The task:
Transcribe all of the data exactly. Omit the pictures.

(Beginning of Collected data)

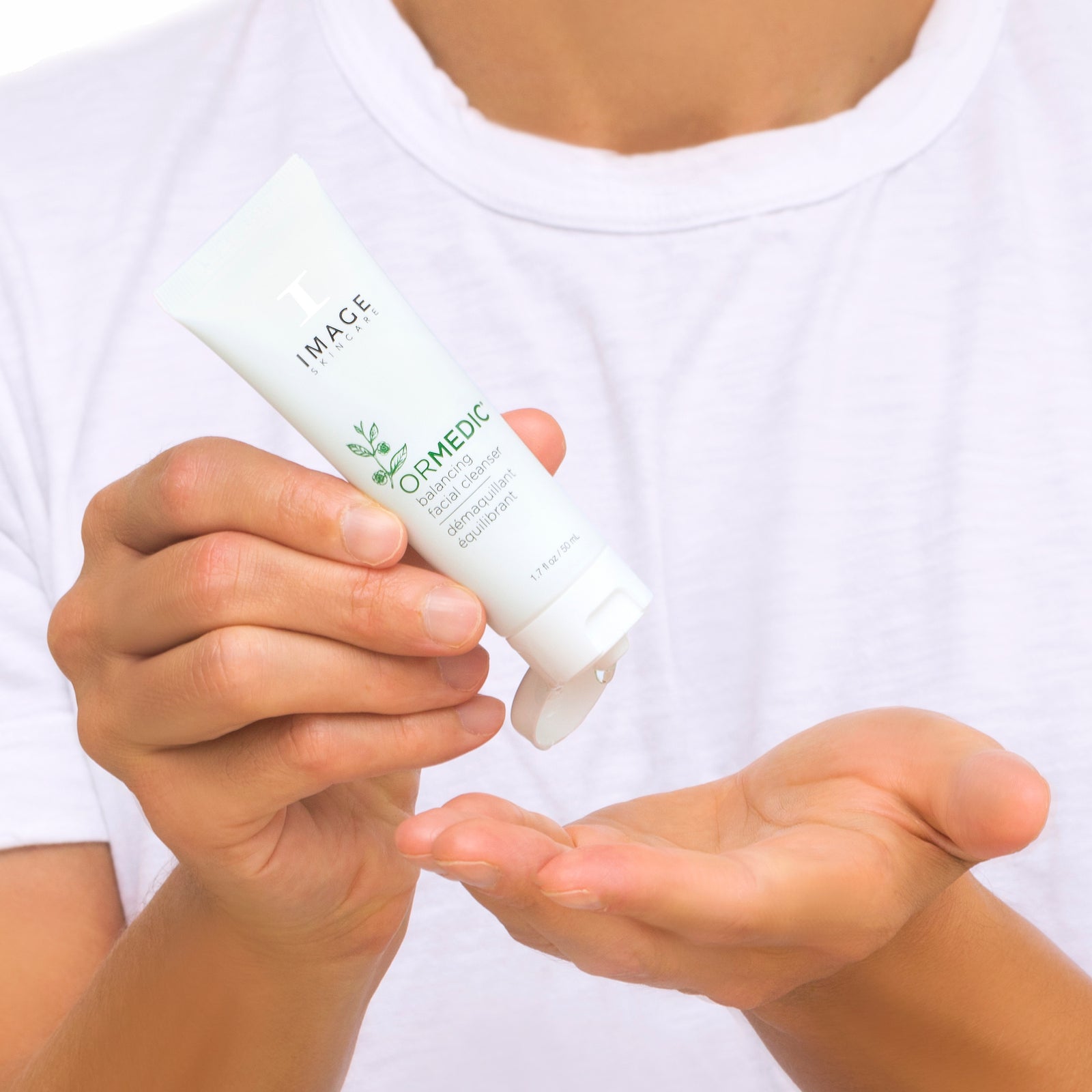 model hands dispensing cleanser onto palm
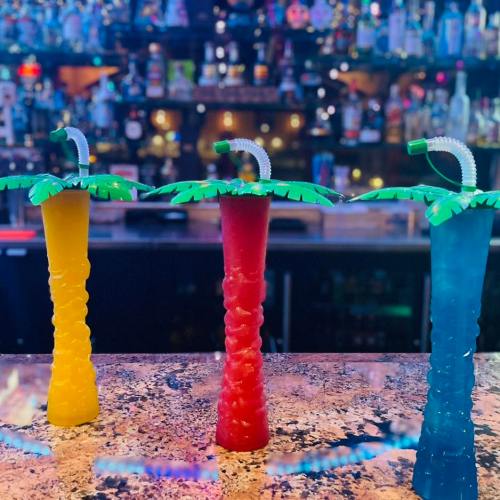 Three colorful tropical drinks with palm tree straws sit on a bar, with a blurred background of bottles.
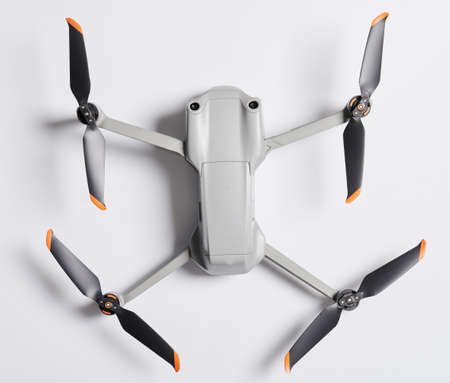 Modern foldable drone above top view isolated on studio backgroundの写真素材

(End of Collected data)

Answer box:
 model hands dispensing cleanser onto palm
 Three colorful tropical drinks with palm tree straws sit on a bar, with a blurred background of bottles.
 Modern foldable drone above top view isolated on studio backgroundの写真素材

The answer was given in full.